Lecturas. Una biblioteca en el oasis, de J.M. de Prada

Lecturas: “Una biblioteca en el oasis”, de Juan Manuel de Prada

A Pablo Cervera Barranco, redactor jefe de la edición española de Magnificat, se le ocurrió la idea de pedirle a Juan Manuel de Prada que realizase una serie de recensiones para esa revista que llevarían el título de “Literatura para la fe”. Esa petición ha tomado forma en el libro que reseñamos: Juan Manuel de Prada, Una biblioteca en el oasis. Literatura para la fe (Magnificat SAS, 2021, ISBN: 978-84-18607-03-5, 414 páginas).

Juan Manuel de Prada (Baracaldo 1970) es un escritor de sobra conocido en el mundo de la lengua española. En el “liminar” de este libro, de Prada nos dice que Magnificat le ofreció la ocasión de “poder mostrar a sus lectores mis inquietudes literarias, mis pesquisas intelectuales, mi particular visión del mundo” (p. 22). La recopilación de textos, versando cada uno de ellos sobre una obra literaria, se ha ido elaborando en atención al triple factor mencionado: inquietudes, pesquisas, visión del mundo. Pero no se trata de factores anónimos, sino caracterizados por el adjetivo posesivo “mi”/ “mis”. De Prada escribe, y no podría ser de otro modo, desde su personal punto de vista.
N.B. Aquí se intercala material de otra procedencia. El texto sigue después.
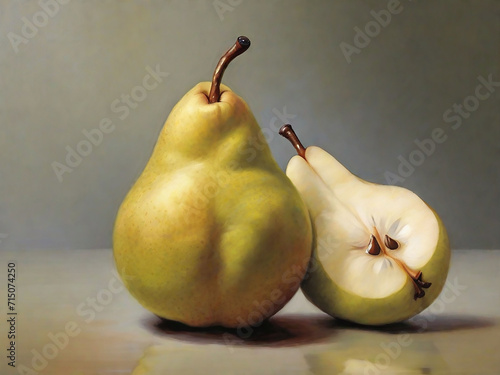 pears on a table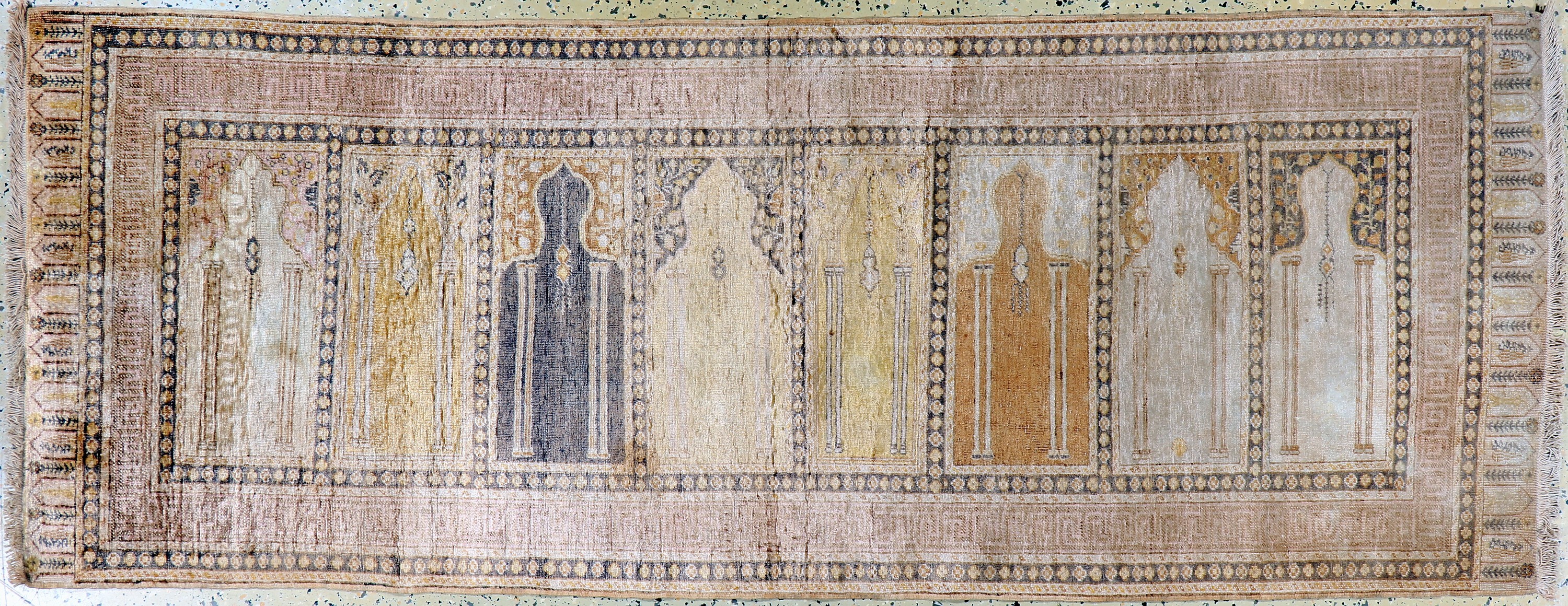 Image 27149775 - Kayseri, Türkei, Anfang 20.Jhd., merzerisierte Baumwolle, ca. 230 x 89 cm, EHZ:2-3 ...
En 60 capítulos breves se comentan otras tantas obras literarias. De autores bien diversos; algunos clásicos como Cervantes, Calderón de la Barca o Tirso de Molina, aunque la mayoría de ellos contemporáneos, de los siglos XIX, XX y XXI. Enumero a estos autores, indicando entre paréntesis el número de obras de cada uno que son recensionadas: E. Álvarez (1), H. Belloc (2), R.H. Benson (4), G. Bernanos (1), W.P. Blatty (1), L. Bloy (3), P. Calderón de la Barca (2), L. Castellani (4), M. de Cervantes (1), G.K. Chesterton (8), P. d’Ors (1), Ch. Dickens (1), S. Endo (2), J.A. Giménez-Arnau (1), G. Greene (1), F. Hadjadj (1), E. Hello (2), V. Horia (1), P. Lagerkvist (1), C.S. Lewis (3), F. Mauriac (1), T. de Molina (1), J.H. Newman (3), F. O’Connor (1), G. Papini (1), F.W. Rolfe (1), J. Roth (1), H. Sienkiewicz (1), B. Smith (1), G. Thibon (2), V. Volkoff (1), G. von le Fort (1), E. Waught (1), M. West (1), Ch. Williams (1), cardenal Wiseman (1).
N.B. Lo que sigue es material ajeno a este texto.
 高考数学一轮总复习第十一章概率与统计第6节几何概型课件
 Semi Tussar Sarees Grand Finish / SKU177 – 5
Como escribe de Prada en el “liminar”: “descubrí que los títulos que cada mes glosaba en Magnificat tenían algo de radiografía espiritual: allí se congregaban, inevitablemente, mis autores predilectos (y, cuanto más predilectos, con mayor reincidencia), pero también autores vivos que osan desafiar el empeño de nuestra época por matar el espíritu; allí se reunían las obras más populares y consagradas (alguna vez, incluso, para recibir un varapalo) junto a las obras más oscuras y descatalogadas, las obras sublimes sin interrupción junto a las obras decididamente menores que sin embargo nos conquistan por el asunto que tratan, o por la perspectiva que adoptan para tratarlo, o porque de vez en cuando intercalan páginas memorables en las que destellan una idea que nos convence, una frase que nos conmueve, una observación que nos interpela” (p. 18).